### [Task goal]
Start at the top of the records and, please, print each line exactly through the line that contains "Ralph Lauren Golf", leaving out all pictures.

### [Crawled caption data]
*** Block opens ***

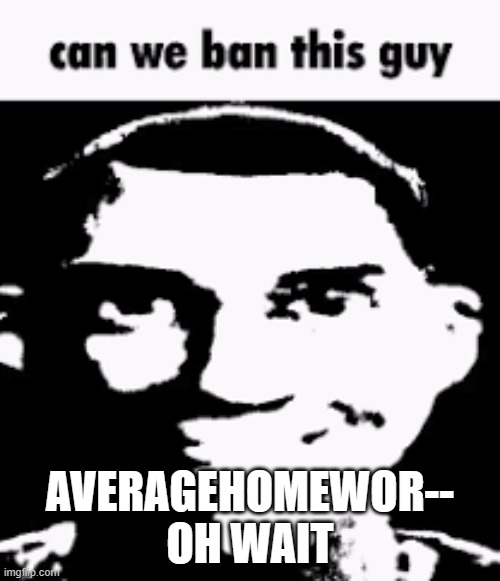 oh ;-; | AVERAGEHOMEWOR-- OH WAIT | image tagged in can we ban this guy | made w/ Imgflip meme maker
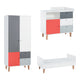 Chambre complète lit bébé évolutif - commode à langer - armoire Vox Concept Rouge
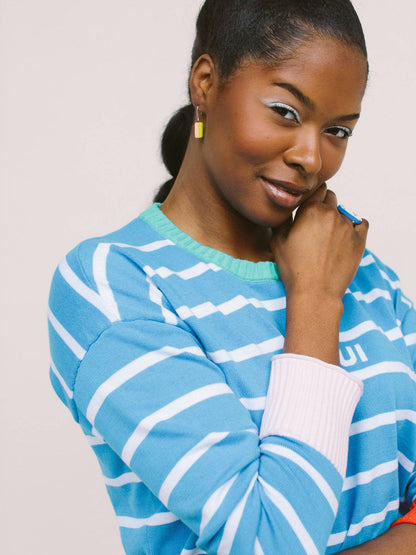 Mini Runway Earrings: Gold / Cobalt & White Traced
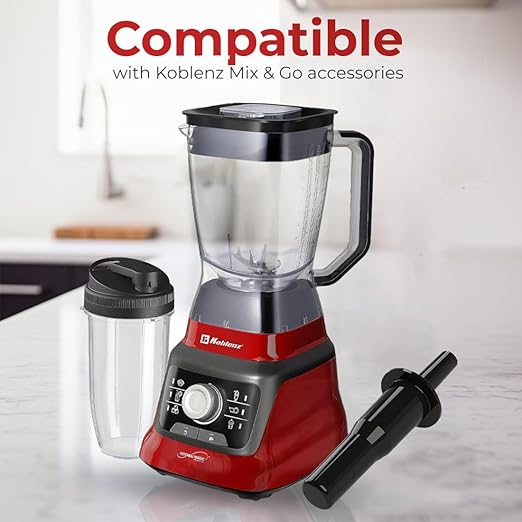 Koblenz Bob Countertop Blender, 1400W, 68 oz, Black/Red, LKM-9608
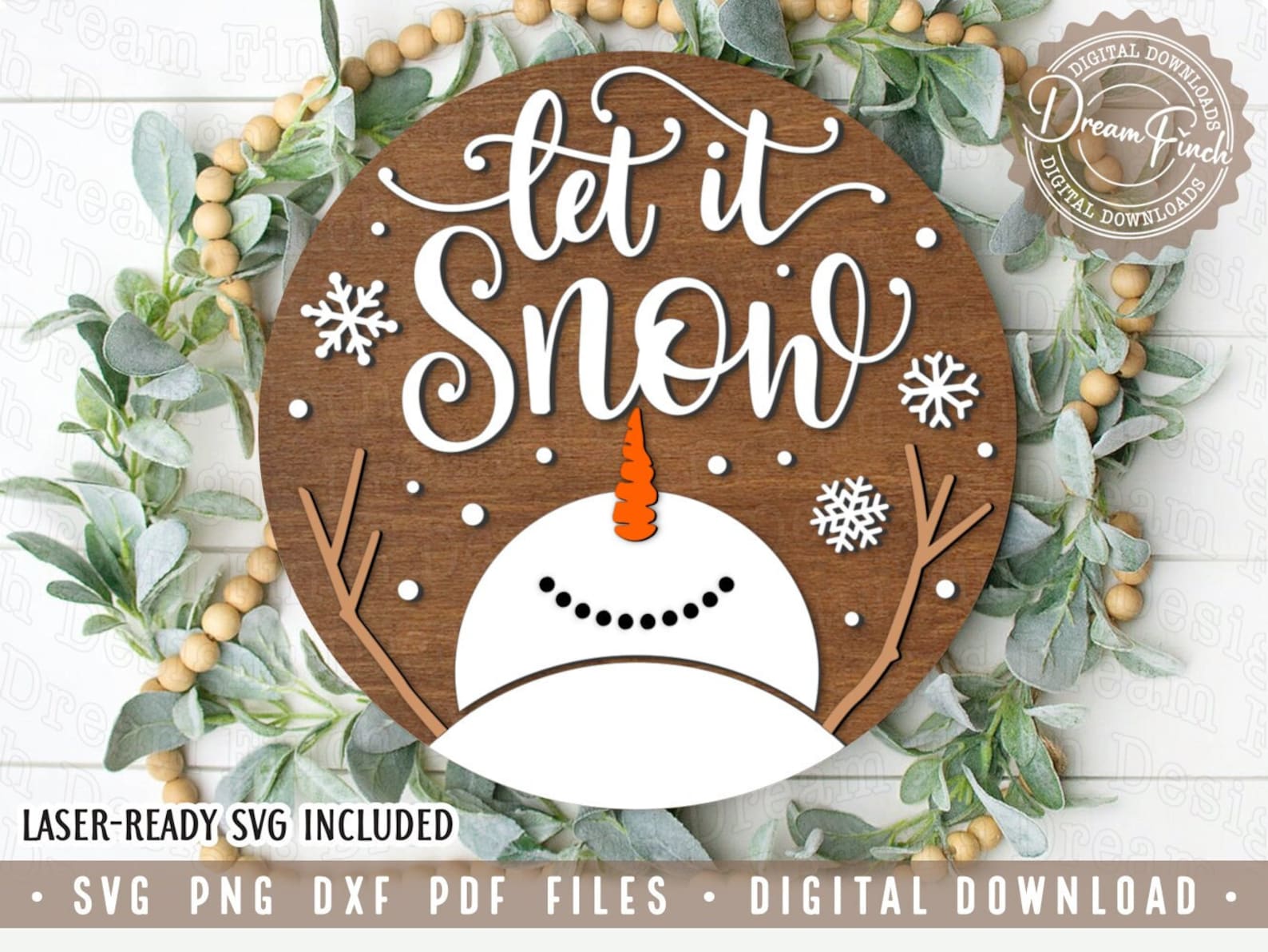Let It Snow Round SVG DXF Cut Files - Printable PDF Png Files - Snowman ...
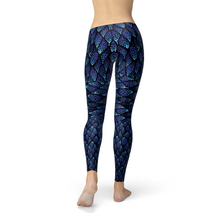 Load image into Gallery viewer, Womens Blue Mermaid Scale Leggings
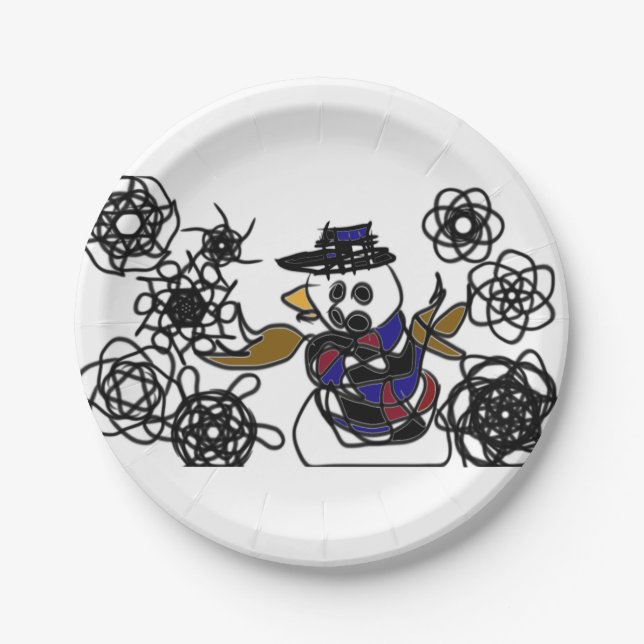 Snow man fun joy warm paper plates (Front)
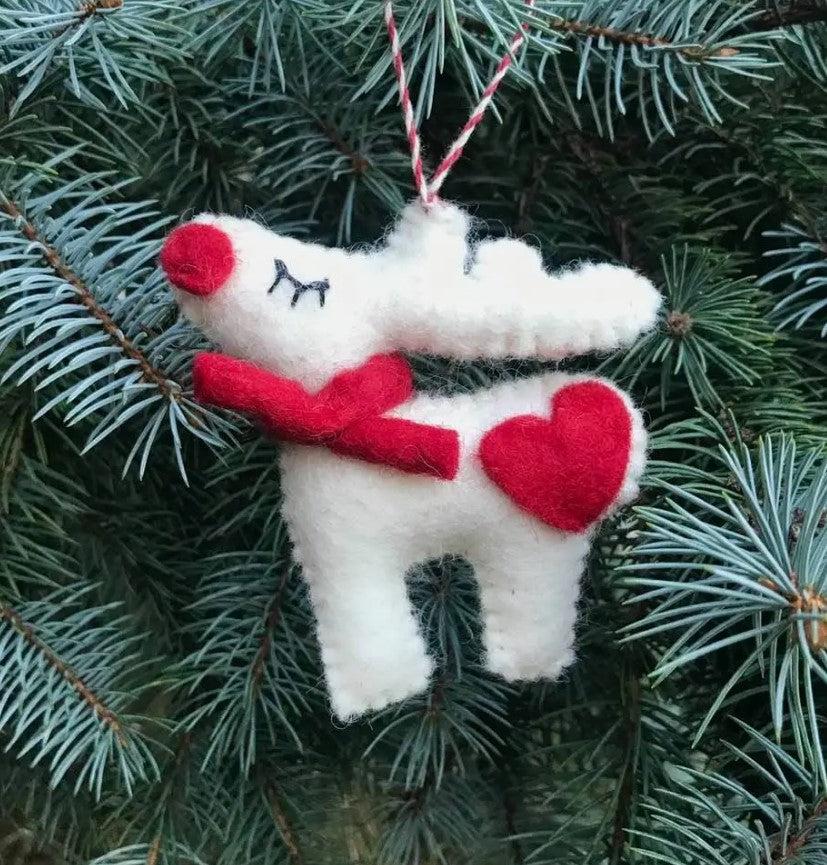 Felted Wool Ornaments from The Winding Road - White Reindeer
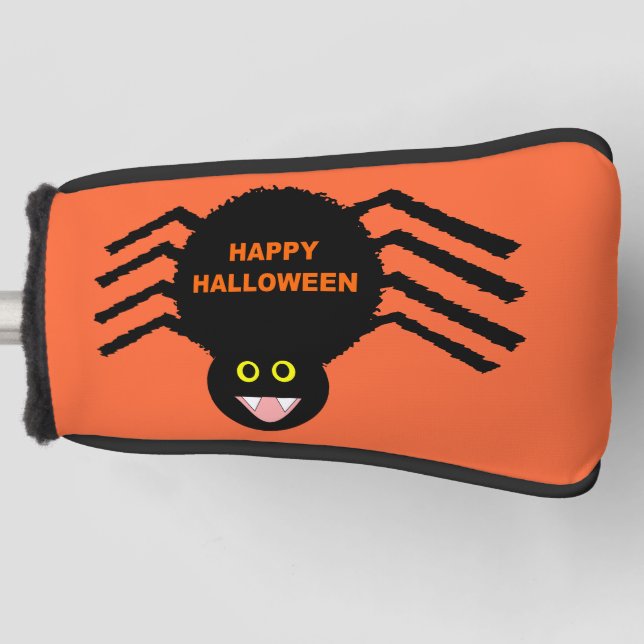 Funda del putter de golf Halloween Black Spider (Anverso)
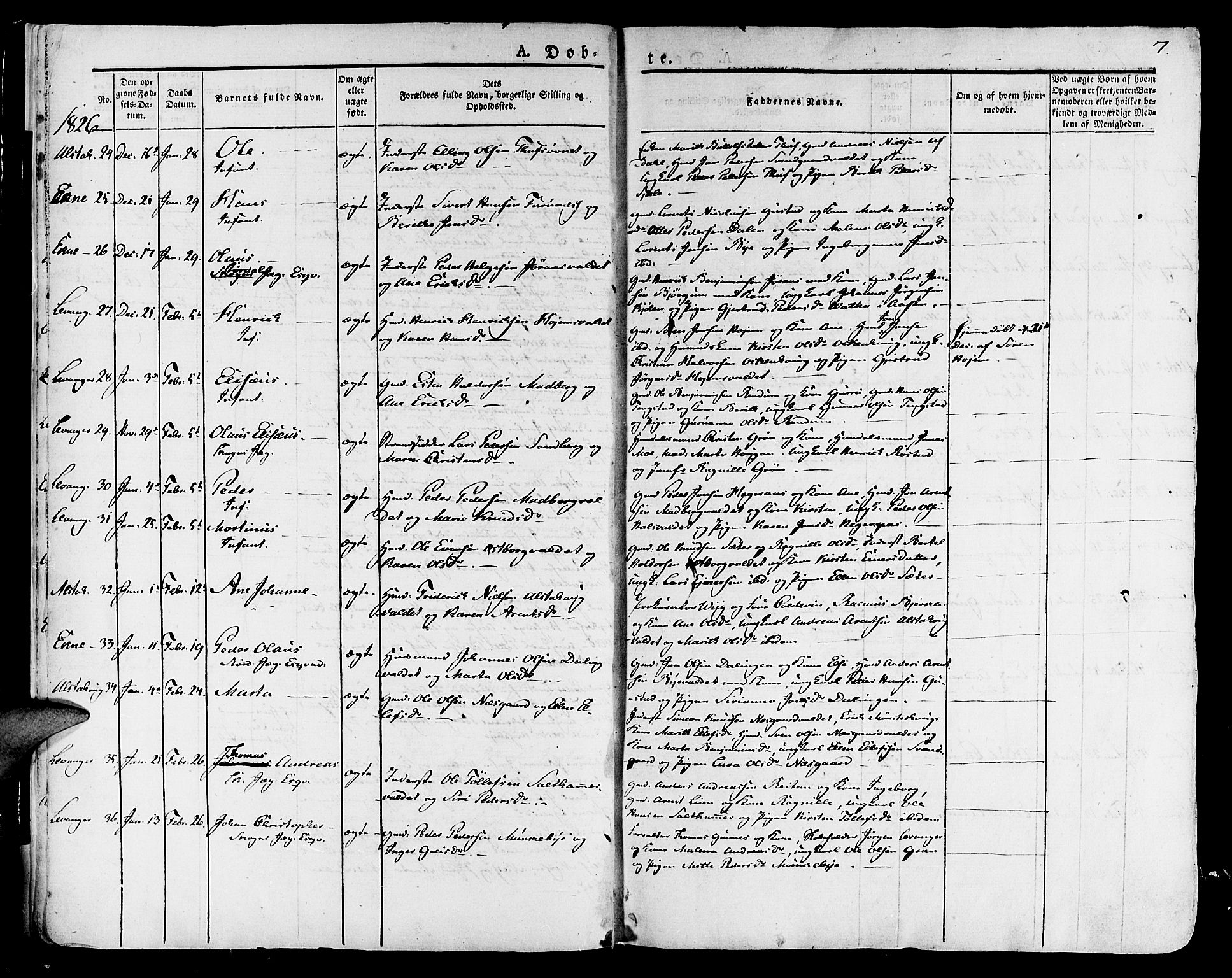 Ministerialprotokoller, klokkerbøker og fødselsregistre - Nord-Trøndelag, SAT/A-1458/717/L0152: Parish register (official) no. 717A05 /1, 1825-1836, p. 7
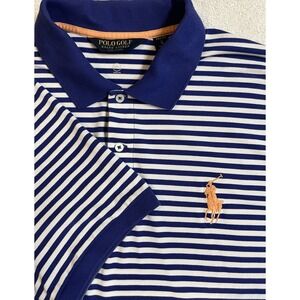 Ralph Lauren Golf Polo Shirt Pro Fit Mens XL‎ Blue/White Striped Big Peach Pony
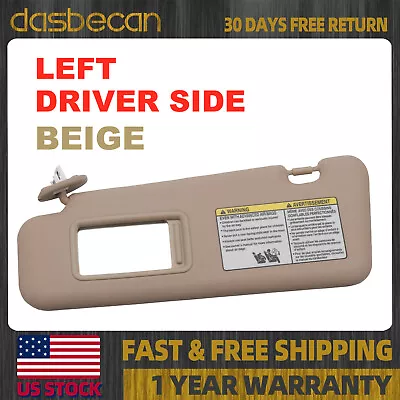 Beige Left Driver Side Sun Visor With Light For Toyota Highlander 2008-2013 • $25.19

*** Block closes ***

### [Final answer]
 oh ;-; | AVERAGEHOMEWOR-- OH WAIT | image tagged in can we ban this guy | made w/ Imgflip meme maker
 Chambre complète lit bébé évolutif - commode à langer - armoire Vox Concept Rouge
 Mini Runway Earrings: Gold / Cobalt & White Traced
 Koblenz Bob Countertop Blender, 1400W, 68 oz, Black/Red, LKM-9608
Let It Snow Round SVG DXF Cut Files - Printable PDF Png Files - Snowman ...
 Load image into Gallery viewer, Womens Blue Mermaid Scale Leggings
 Snow man fun joy warm paper plates (Front)
 Felted Wool Ornaments from The Winding Road - White Reindeer
 Funda del putter de golf Halloween Black Spider (Anverso)
 Ministerialprotokoller, klokkerbøker og fødselsregistre - Nord-Trøndelag, SAT/A-1458/717/L0152: Parish register (official) no. 717A05 /1, 1825-1836, p. 7
 Ralph Lauren Golf Polo Shirt Pro Fit Mens XL‎ Blue/White Striped Big Peach Pony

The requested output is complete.